## Try it
The copy must run from the line containing "50X Mini Black" through the final line of the records, both included, exactly as written. It should contain no pictures.

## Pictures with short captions

--

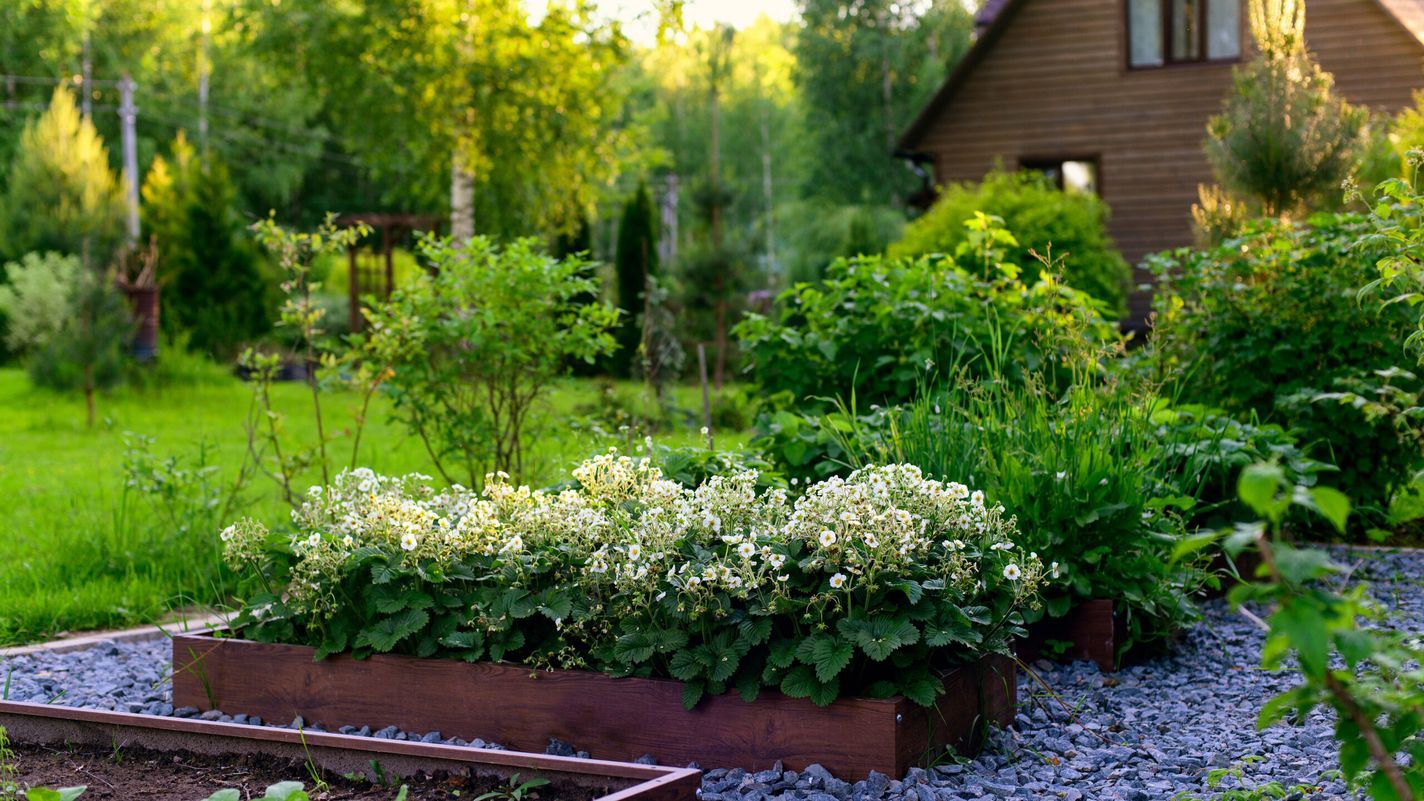 Backyard with raised garden area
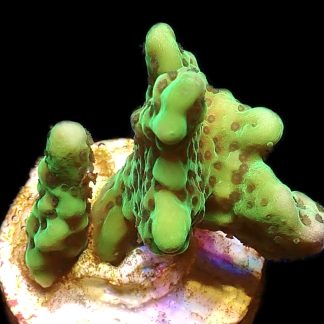 WYSIWYG 11A Appleberry Montipora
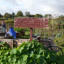 bakersvill-allotment.jpg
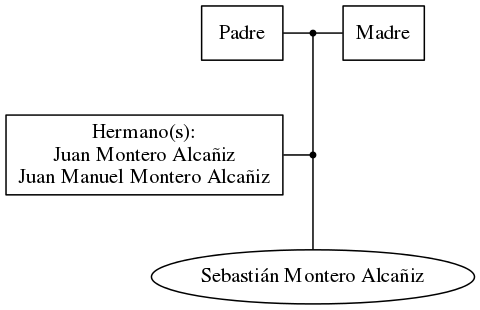 This is a graph with borders and nodes. Maybe there is an Imagemap used so the nodes may be linking to some Pages.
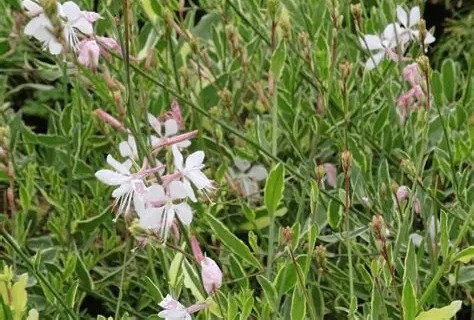 Gaura lindheimeri Corries Gold - Díszgyertya D14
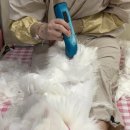 고양이 무마취미용 네발바닥 네이버블로그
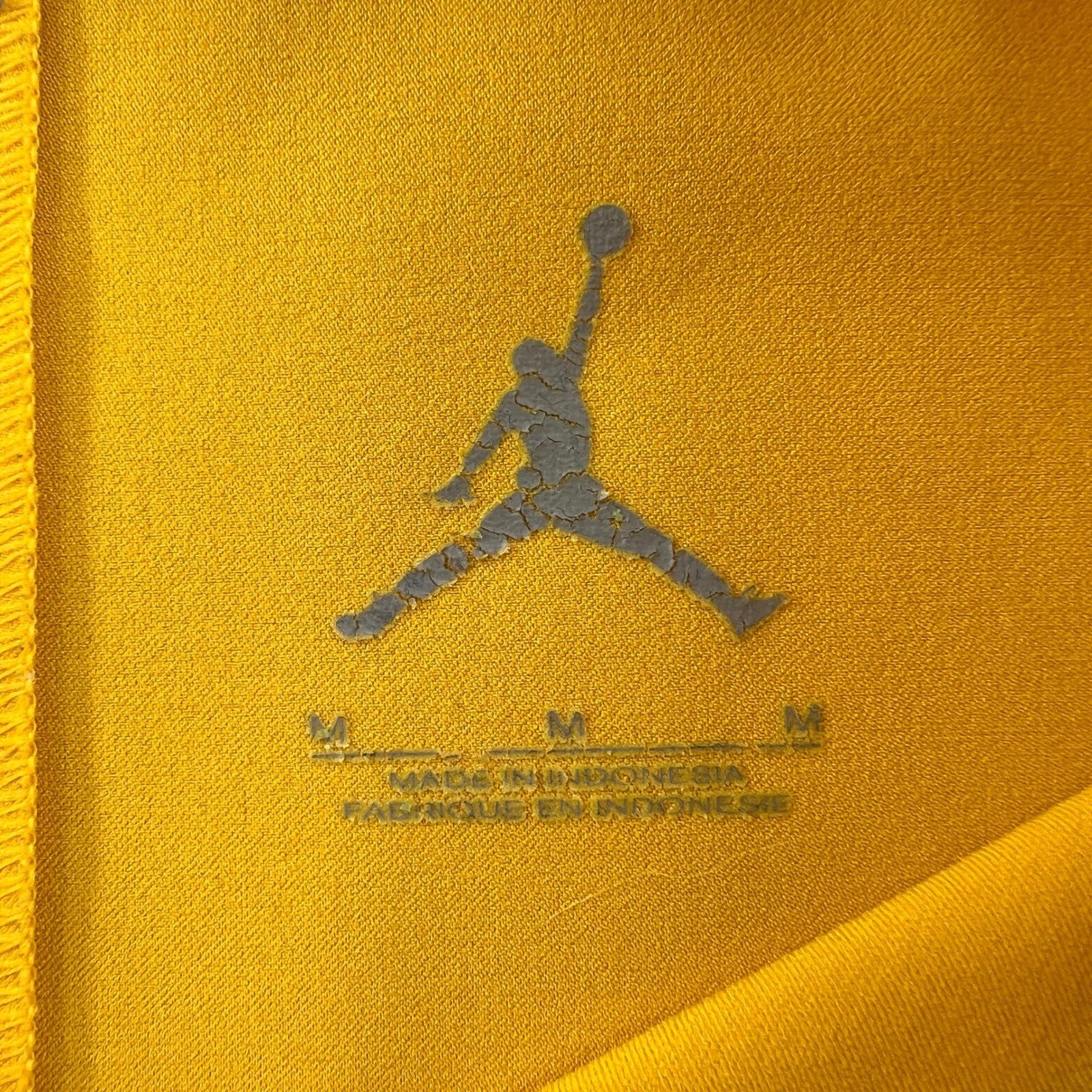 Nike Air Jordan Michigan Wolverines Polo Shirt Men Medium Yellow Dri Fit Sporty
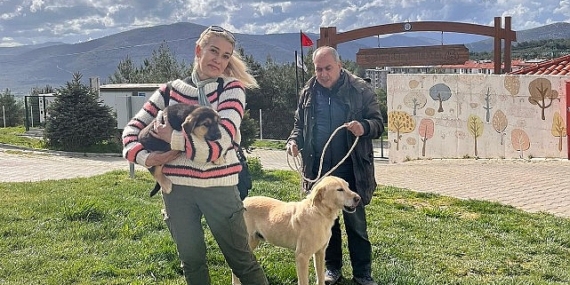 Büyükşehir 3202 Can Dostu Yeni Yuvalarına Kavuşturdu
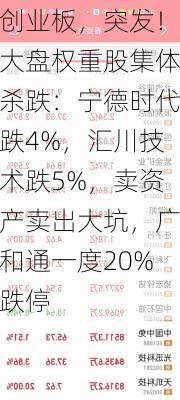 创业板，突发！大盘权重股集体杀跌：宁德时代跌4%，汇川技术跌5%，卖资产卖出大坑，广和通一度20%跌停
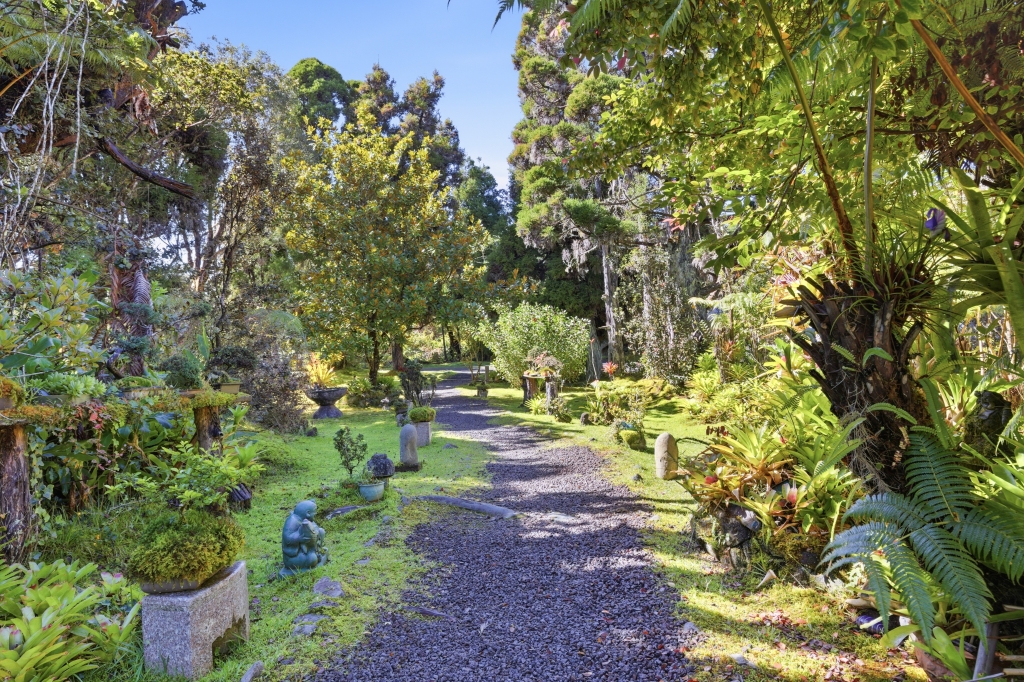 19-3834 OLD VOLCANO RD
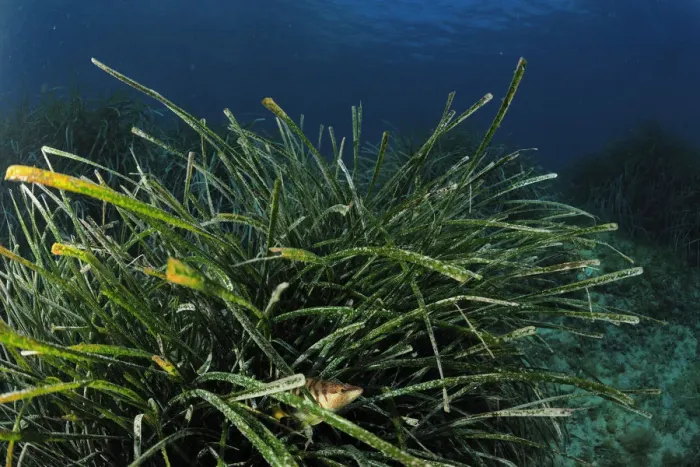 Framed Print : Painted comber (Serranus scriba) amongst Posidonia, Malta, Mediteranean, May 2009 Framed Print : Painted comber (Serranus scriba) amongst Posidonia, Malta, Mediteranean, May 2009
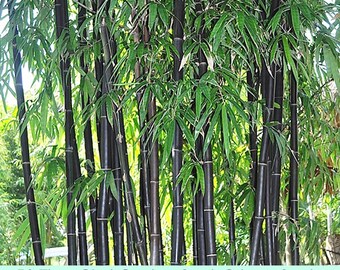 50X Mini Black Moso-Bamboo Trees Seeds Plants Office Indoor Growing Garden Plant 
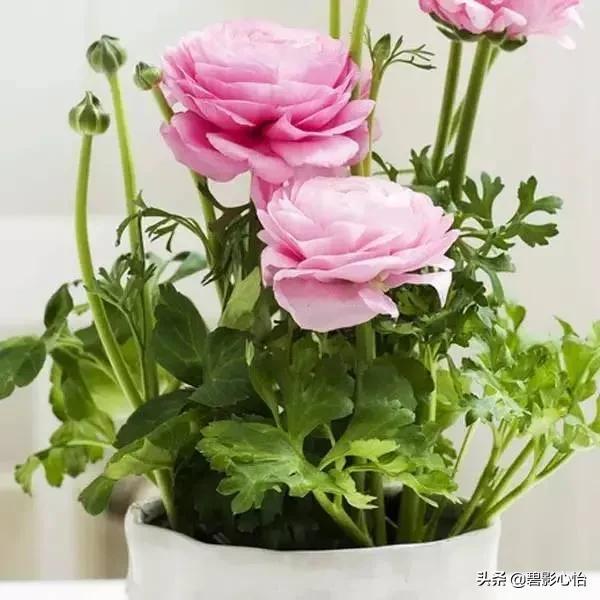 盆栽月季花的養殖方法和注意事項（盆栽玫瑰花和月季花怎麼養）4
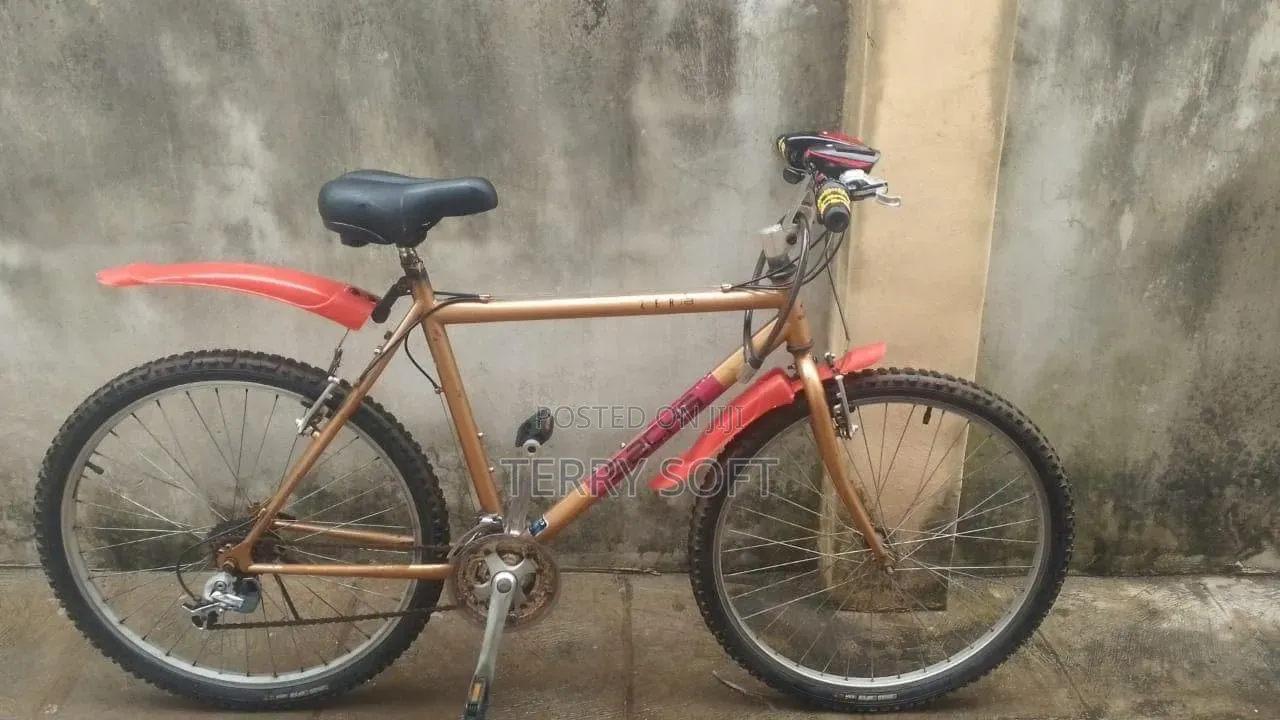 Adult Bicycle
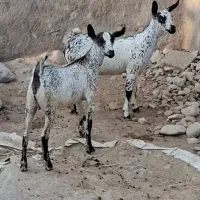 بز،بزغاله،گوسفند،میش،بره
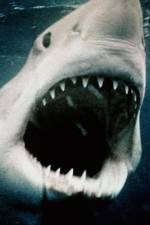 Watch Sharkmania: The Top 15 Biggest Baddest Bloodiest Bites Movie2k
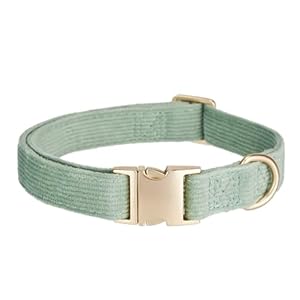 YUDOTE Collier pour chien ultra doux en velours côtelé naturel fabriqué pour les petits chiens à peau sensible, vert sauge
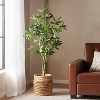 Okak 63IN Artificial Pachira Aquatica Tree with Nature Look Trunk, Indoor Faux Plants with Large Hand-Shaped Leaves, Faux Tree for Living Room, Green - 2 of 4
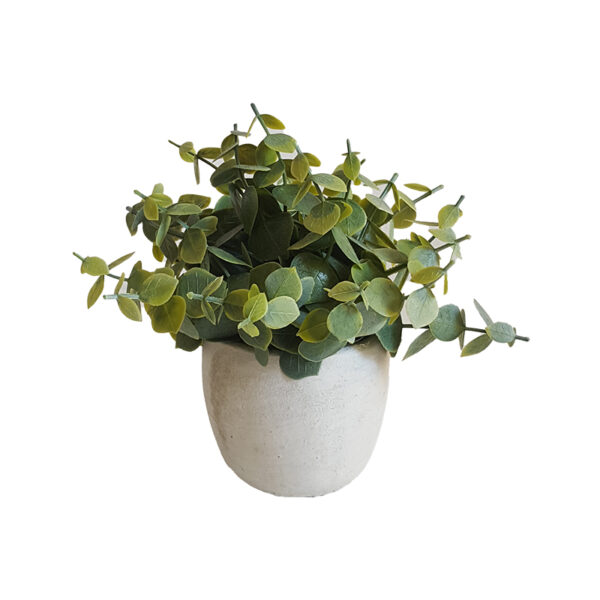 Piantina artificiale in vaso di ceramica bianco H18cm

--

## Task solution
 50X Mini Black Moso-Bamboo Trees Seeds Plants Office Indoor Growing Garden Plant 
 盆栽月季花的養殖方法和注意事項（盆栽玫瑰花和月季花怎麼養）4
 Adult Bicycle
 بز،بزغاله،گوسفند،میش،بره
 Watch Sharkmania: The Top 15 Biggest Baddest Bloodiest Bites Movie2k
 YUDOTE Collier pour chien ultra doux en velours côtelé naturel fabriqué pour les petits chiens à peau sensible, vert sauge
 Okak 63IN Artificial Pachira Aquatica Tree with Nature Look Trunk, Indoor Faux Plants with Large Hand-Shaped Leaves, Faux Tree for Living Room, Green - 2 of 4
 Piantina artificiale in vaso di ceramica bianco H18cm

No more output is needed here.